----- Given data

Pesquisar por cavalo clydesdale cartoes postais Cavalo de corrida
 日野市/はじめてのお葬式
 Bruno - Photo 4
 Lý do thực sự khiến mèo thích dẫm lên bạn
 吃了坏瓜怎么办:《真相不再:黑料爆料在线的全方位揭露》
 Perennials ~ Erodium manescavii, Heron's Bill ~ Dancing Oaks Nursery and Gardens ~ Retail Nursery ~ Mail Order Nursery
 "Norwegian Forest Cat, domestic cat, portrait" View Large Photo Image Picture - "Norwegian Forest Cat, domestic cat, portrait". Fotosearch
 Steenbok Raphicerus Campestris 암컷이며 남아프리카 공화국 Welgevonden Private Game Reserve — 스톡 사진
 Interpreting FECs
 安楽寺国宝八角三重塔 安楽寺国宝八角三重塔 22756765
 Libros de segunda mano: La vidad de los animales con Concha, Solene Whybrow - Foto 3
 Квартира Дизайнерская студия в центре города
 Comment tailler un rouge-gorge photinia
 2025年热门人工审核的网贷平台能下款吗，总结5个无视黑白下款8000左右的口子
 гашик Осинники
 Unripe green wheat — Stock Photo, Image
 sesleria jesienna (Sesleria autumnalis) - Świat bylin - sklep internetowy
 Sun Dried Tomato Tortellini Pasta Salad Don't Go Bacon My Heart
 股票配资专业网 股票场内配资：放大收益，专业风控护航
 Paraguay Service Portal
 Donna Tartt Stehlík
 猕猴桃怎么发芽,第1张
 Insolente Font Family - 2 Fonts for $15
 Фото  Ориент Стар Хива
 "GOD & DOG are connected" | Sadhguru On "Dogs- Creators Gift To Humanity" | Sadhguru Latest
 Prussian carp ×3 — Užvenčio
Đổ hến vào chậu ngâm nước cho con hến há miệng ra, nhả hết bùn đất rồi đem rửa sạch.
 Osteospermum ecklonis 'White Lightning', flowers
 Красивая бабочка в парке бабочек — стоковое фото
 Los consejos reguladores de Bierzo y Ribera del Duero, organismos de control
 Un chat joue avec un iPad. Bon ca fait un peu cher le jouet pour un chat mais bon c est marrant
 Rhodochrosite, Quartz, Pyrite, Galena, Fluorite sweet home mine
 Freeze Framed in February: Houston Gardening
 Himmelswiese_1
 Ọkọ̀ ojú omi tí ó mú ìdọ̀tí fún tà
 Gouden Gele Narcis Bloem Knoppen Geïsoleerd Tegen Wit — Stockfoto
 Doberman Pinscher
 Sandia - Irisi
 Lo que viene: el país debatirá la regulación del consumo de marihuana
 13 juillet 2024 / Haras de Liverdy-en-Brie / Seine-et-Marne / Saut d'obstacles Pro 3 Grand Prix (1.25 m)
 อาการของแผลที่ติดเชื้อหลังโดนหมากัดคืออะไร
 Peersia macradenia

----------

• What you are asked to do
Repeat the lines above with every word intact.

• Result of the exercise
Pesquisar por cavalo clydesdale cartoes postais Cavalo de corrida
 日野市/はじめてのお葬式
 Bruno - Photo 4
 Lý do thực sự khiến mèo thích dẫm lên bạn
 吃了坏瓜怎么办:《真相不再:黑料爆料在线的全方位揭露》
 Perennials ~ Erodium manescavii, Heron's Bill ~ Dancing Oaks Nursery and Gardens ~ Retail Nursery ~ Mail Order Nursery
 "Norwegian Forest Cat, domestic cat, portrait" View Large Photo Image Picture - "Norwegian Forest Cat, domestic cat, portrait". Fotosearch
 Steenbok Raphicerus Campestris 암컷이며 남아프리카 공화국 Welgevonden Private Game Reserve — 스톡 사진
 Interpreting FECs
 安楽寺国宝八角三重塔 安楽寺国宝八角三重塔 22756765
 Libros de segunda mano: La vidad de los animales con Concha, Solene Whybrow - Foto 3
 Квартира Дизайнерская студия в центре города
 Comment tailler un rouge-gorge photinia
 2025年热门人工审核的网贷平台能下款吗，总结5个无视黑白下款8000左右的口子
 гашик Осинники
 Unripe green wheat — Stock Photo, Image
 sesleria jesienna (Sesleria autumnalis) - Świat bylin - sklep internetowy
 Sun Dried Tomato Tortellini Pasta Salad Don't Go Bacon My Heart
 股票配资专业网 股票场内配资：放大收益，专业风控护航
 Paraguay Service Portal
 Donna Tartt Stehlík
 猕猴桃怎么发芽,第1张
 Insolente Font Family - 2 Fonts for $15
 Фото  Ориент Стар Хива
 "GOD & DOG are connected" | Sadhguru On "Dogs- Creators Gift To Humanity" | Sadhguru Latest
 Prussian carp ×3 — Užvenčio
Đổ hến vào chậu ngâm nước cho con hến há miệng ra, nhả hết bùn đất rồi đem rửa sạch.
 Osteospermum ecklonis 'White Lightning', flowers
 Красивая бабочка в парке бабочек — стоковое фото
 Los consejos reguladores de Bierzo y Ribera del Duero, organismos de control
 Un chat joue avec un iPad. Bon ca fait un peu cher le jouet pour un chat mais bon c est marrant
 Rhodochrosite, Quartz, Pyrite, Galena, Fluorite sweet home mine
 Freeze Framed in February: Houston Gardening
 Himmelswiese_1
 Ọkọ̀ ojú omi tí ó mú ìdọ̀tí fún tà
 Gouden Gele Narcis Bloem Knoppen Geïsoleerd Tegen Wit — Stockfoto
 Doberman Pinscher
 Sandia - Irisi
 Lo que viene: el país debatirá la regulación del consumo de marihuana
 13 juillet 2024 / Haras de Liverdy-en-Brie / Seine-et-Marne / Saut d'obstacles Pro 3 Grand Prix (1.25 m)
 อาการของแผลที่ติดเชื้อหลังโดนหมากัดคืออะไร
 Peersia macradenia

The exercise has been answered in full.